Listening to an NPR story about the PBS Frontline documentary A Rape in the Fields, got me to thinking. So much of the discussion about rape focuses on the victims. With many social problems, we often focus on dealing with the aftermath of the crime, the “band-aid” fixes. What would change if we focus our discussion on the perpetrators?
Sadly, at least one in four women in the U.S. are victims of sexual attacks. We all know that people in positions of power sometimes take the opportunity to abuse that power. So how can we focus on these situations?
Who are these men, determined to abuse vulnerable women? Are these men living in isolation? Are they able to hide this trait from their friends, their peers, their boss, their wives and family? In this documentary, agricultural workers report knowing about the frequency of attacks, they even go on to call the farms “fields of panties.” Can it be that all the workers know about this barbaric behavior, but other supervisors and people of authority have no idea that this abuse happens?

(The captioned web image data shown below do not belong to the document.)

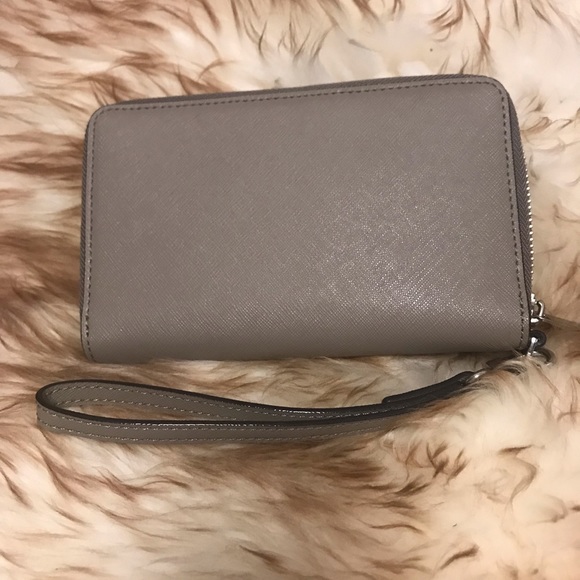 Tory Burch Robinson Zip Wristlet French Gray - Picture 2 of 6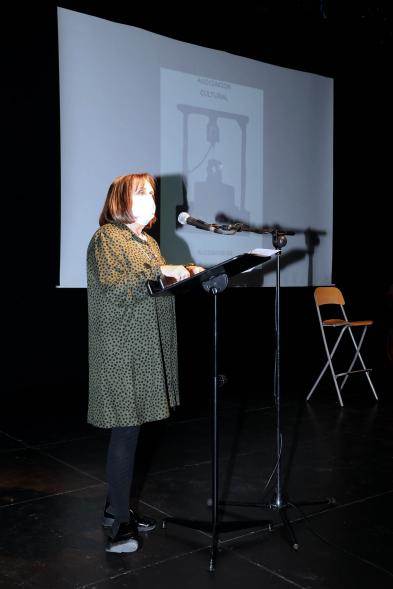 Participante en la lectura del libro.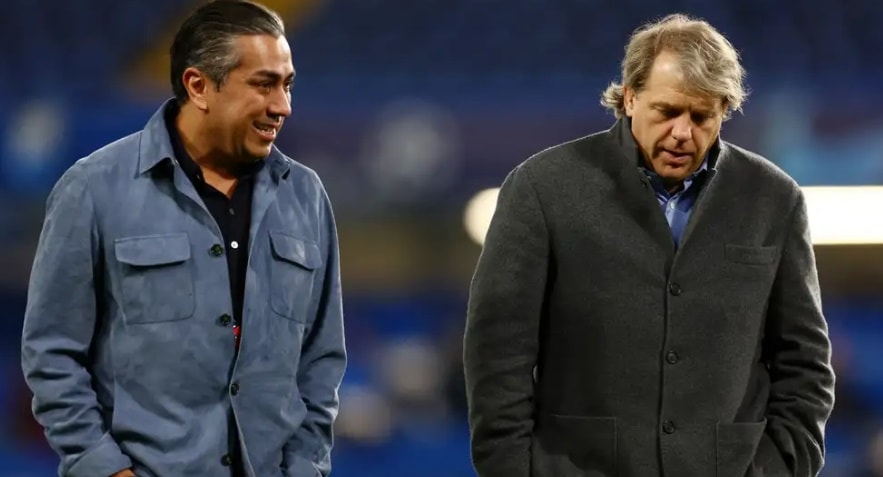 Giới chủ Chelsea cho thấy sự sai lầm trong quyết định lựa chọn nhân sự của mình.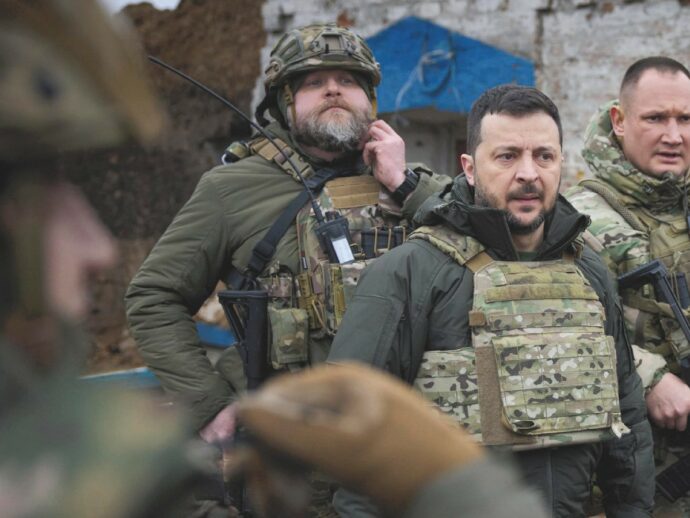 Zelensky ci ripensa (solo a metà): “Sì all’accordo, ma con garanzie”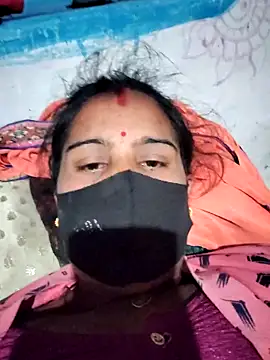 Snapshot of Hey_Ziya chatting on 11.27.25 Hey Ziya online show from 11.27.25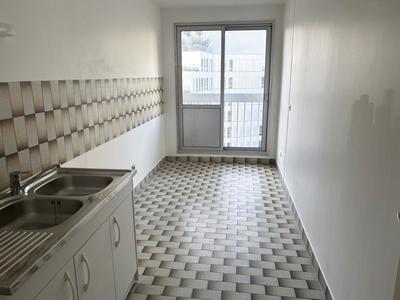 Appartement - 82 m² - 3 pièces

Who is letting these people get away with abusing women, or children? First, we have to stop being dubbed by false impressions. Jerry Sandusky, and some holy priests, hide behind a veil of charity and “good” intentions; and the Tim Curleys of the world are encouraging such behavior by intentionally hiding the truth of these relationships. Might this complicity fuel the manic fetish, increasing the prevalence and intensity of abuse? Given the facade of honest character that lets some people perform such heinous acts, shouldn’t we focus on these types of opportunities where perpetrators have unquestioned authority over others?
Maybe we are at the cusp of change, where the Tim Curleys and Gary Schultzes are also held responsible, and have as much to lose as the perpetrators.